[personal profile] ismo
I really should not post at night. Because by then I am either completely disgusted with my life choices, or else okay with them but too tired to remember what they were. I talked to Queenie. We're still both having similar cases of the blues. Hers are worse, though. I had forgotten that while both of us are sad about the upcoming anniversary of our mother's death on the 30th, she also has the anniversary of her dog dying on the very next day. That's an extra cherry on the sundae of sadness. I then took a shower and went out for a walk. The funny part is that we had been talking about how both of us are having one of those episodes in which we feel we should definitely not go out among people, and have introvert's remorse about every conversation. I tried to encourage her that it was fine, people like us, nobody is going to look at us funny. Well . . . on my walk I was waving and saying hi cheerfully to the people I met along the way. And I swear to God, they WERE looking at me funny, even though I did my best to ignore it. When I came home, I happened to catch sight of myself in a mirror. I went out with wet hair from my shower, and I'm pretty sure I forgot to comb my hair. It was dry but decidedly haystack-y when I came back. I suspect that it was a wild tangle as I tramped doggedly along. This may have been the reason for people wondering who this person with the crazy hair might be. On the other hand, it could have been just my brain chemicals. You never know.

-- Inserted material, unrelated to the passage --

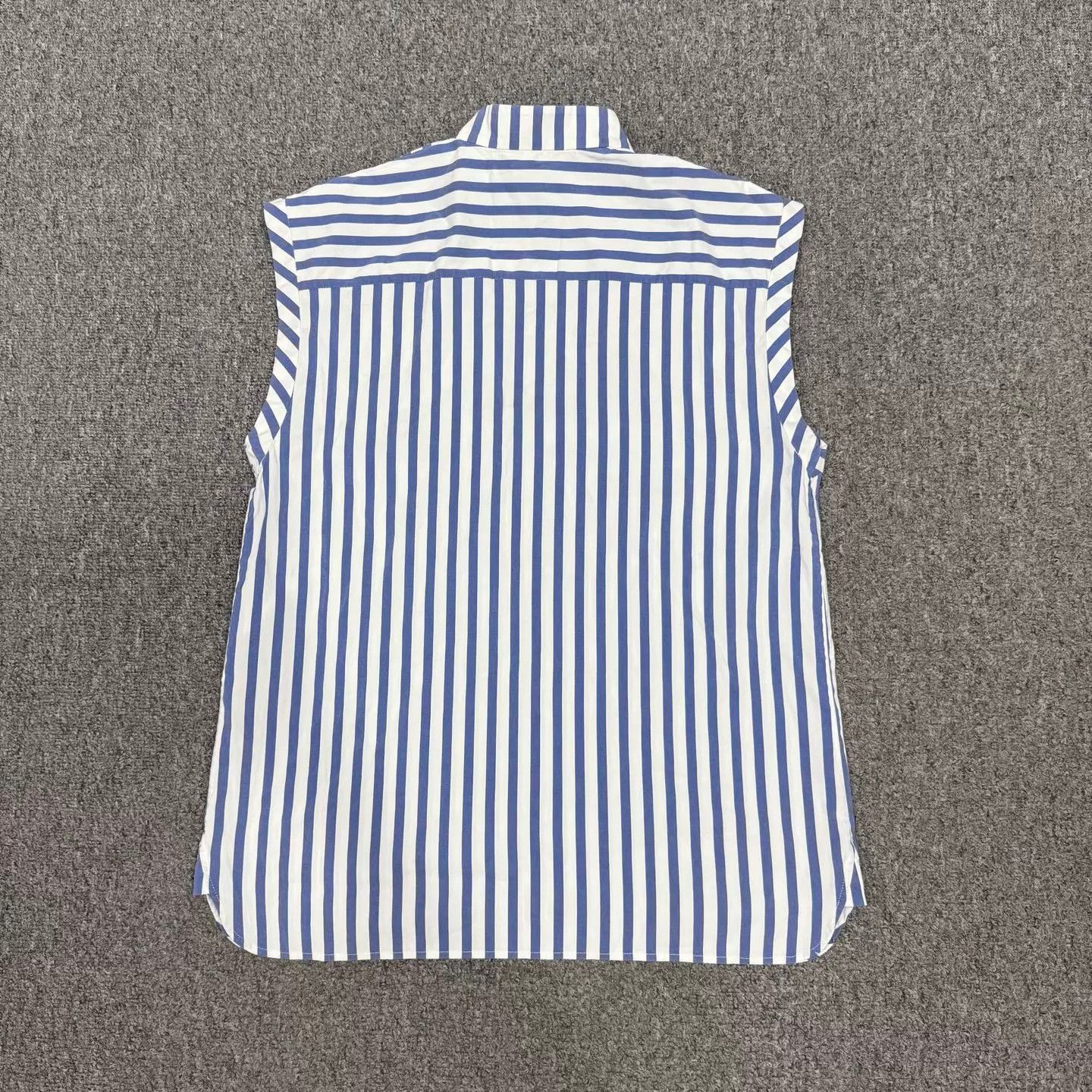 Louis Vuitton LV light blue stripe side button sleeveless shirt M Size M / US 6-8 / IT 42-44 - 2 Thumbnail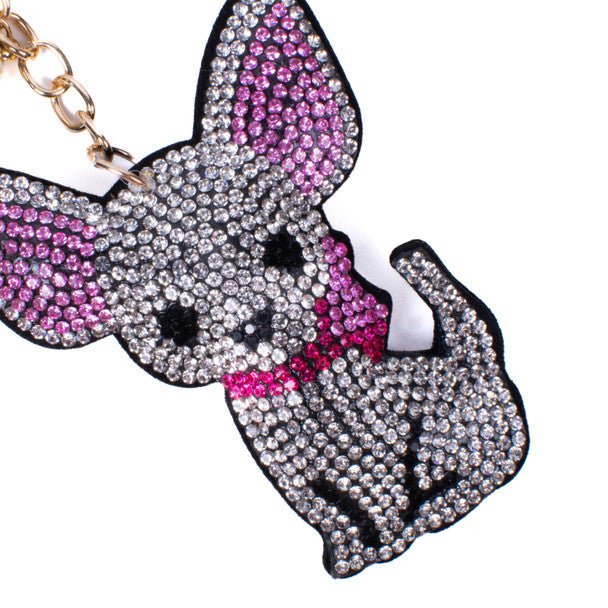 Bling Crystal Chihuahua Tassel Keychain -31424CR-G - Bundle Bus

I also cleaned all the pots and pans from yesterday, and did a couple of other tidying things. After that, the day went downhill rapidly and came to a dispirited halt at a dip in the road. However, on my walk I did see a goldfinch fly up into an oak tree. A bright chip of sunlight! Wild geraniums are starting to bloom in the woods, and the bloodroot is up, along with thickets of may apples. Also, it's VE Day. Perhaps if I'd thought of this earlier, the echoes of that great relief and rejoicing might have caught up with me.